Ernesto miró la bolsa y el bolso.
—¿Por qué te drogas? ¿No ves que te hace daño? Eres muy chico…
—Para sentirme bien… y que se me vaya el hambre —respondió Eduardo, con la mirada baja.
—¿Y ese bolso?
—Me lo robé para comprar el cemento.
Ernesto guardó silencio, conmovido. Comprendía la tragedia que vivía ese niño.
—Te ibas a tirar, ¿verdad?
Eduardo asintió. Por su parte, Ernesto pensó: “Yo también.”
—¿Dónde duermes?
—En un edificio abandonado, a dos cuadras… Pero ya no quiero volver.
—¿Por qué?
—Hay unos tipos… te agarran y te alquilan para que otros te hagan… cosas.
—¿Cosas?
—Sí.
Ernesto comprendió. No podía dejarlo allí.

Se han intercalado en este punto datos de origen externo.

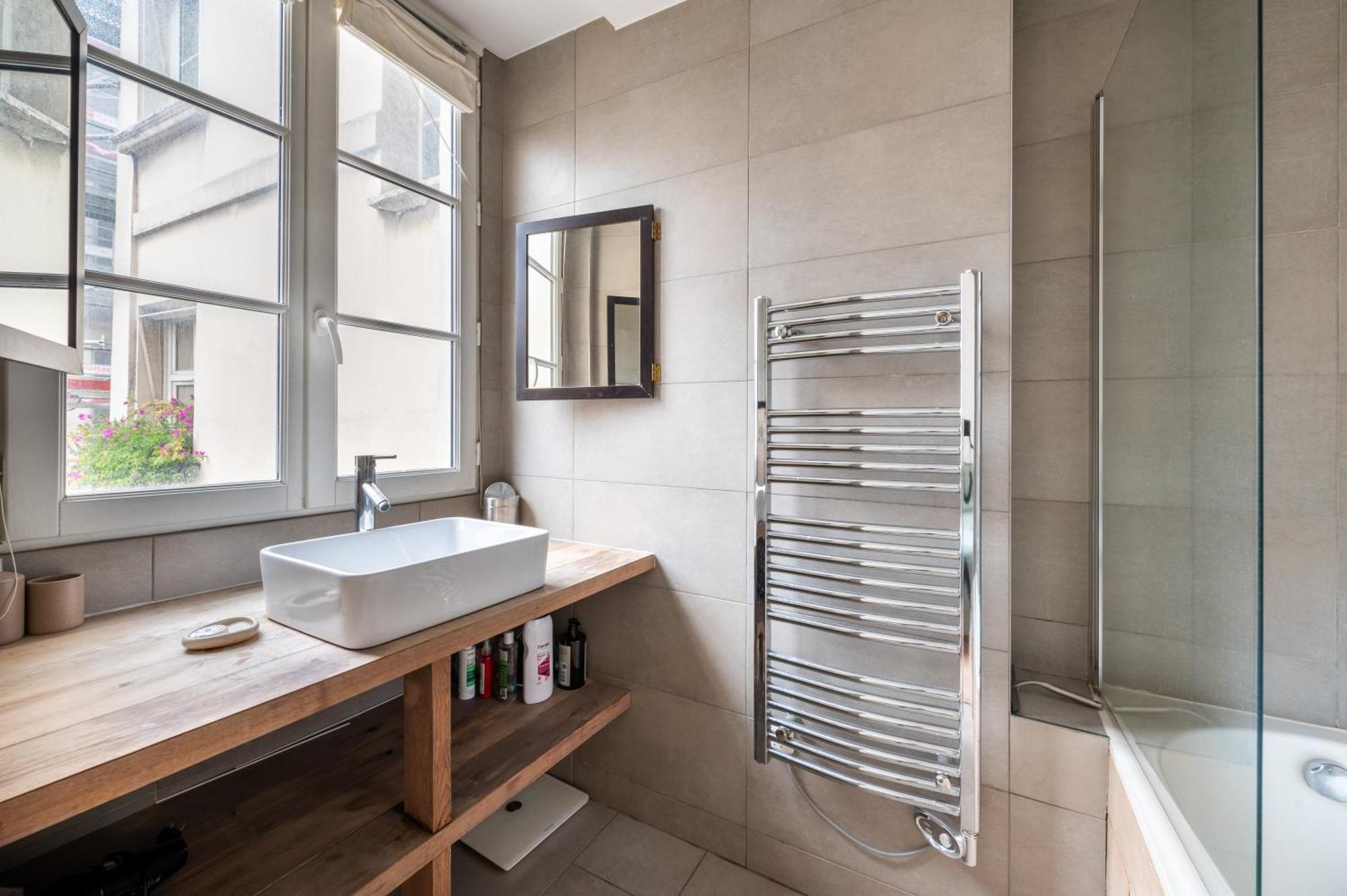 Appartement Stylish 1bd Duplex - Stunning Views Near Louvre *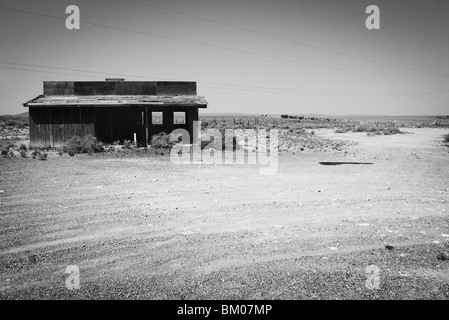 Arizona deserta strada sterrata edificio di legno di architettura del paesaggio presso due cannoni di Ghost Town lungo la route 66 appena ad est di Flagstaff Foto Stock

—¿Quieres una hamburguesa?
La expresión de Eduardo cambió. Una sonrisa iluminó su rostro. Era un niño.
—¡Sí! —exclamó.
—Vamos, yo te invito —y lo tomó del hombro mientras caminaban hacia las escaleras.
—¿Y si no han abierto?
—Buscamos un lugar que esté abierto. No te preocupes.
—¿Y una malteada?
—También una malteada.
—Nunca he probado una malteada…
—¡Pues hoy te tomas dos!
Todo había cambiado. El tono de voz de ambos era ligero, alegre. Sus pasos eran ágiles. Allí iban dos seres, en etapas muy distintas de la vida, convirtiéndose, sin saberlo, en el sentido de vida uno para el otro.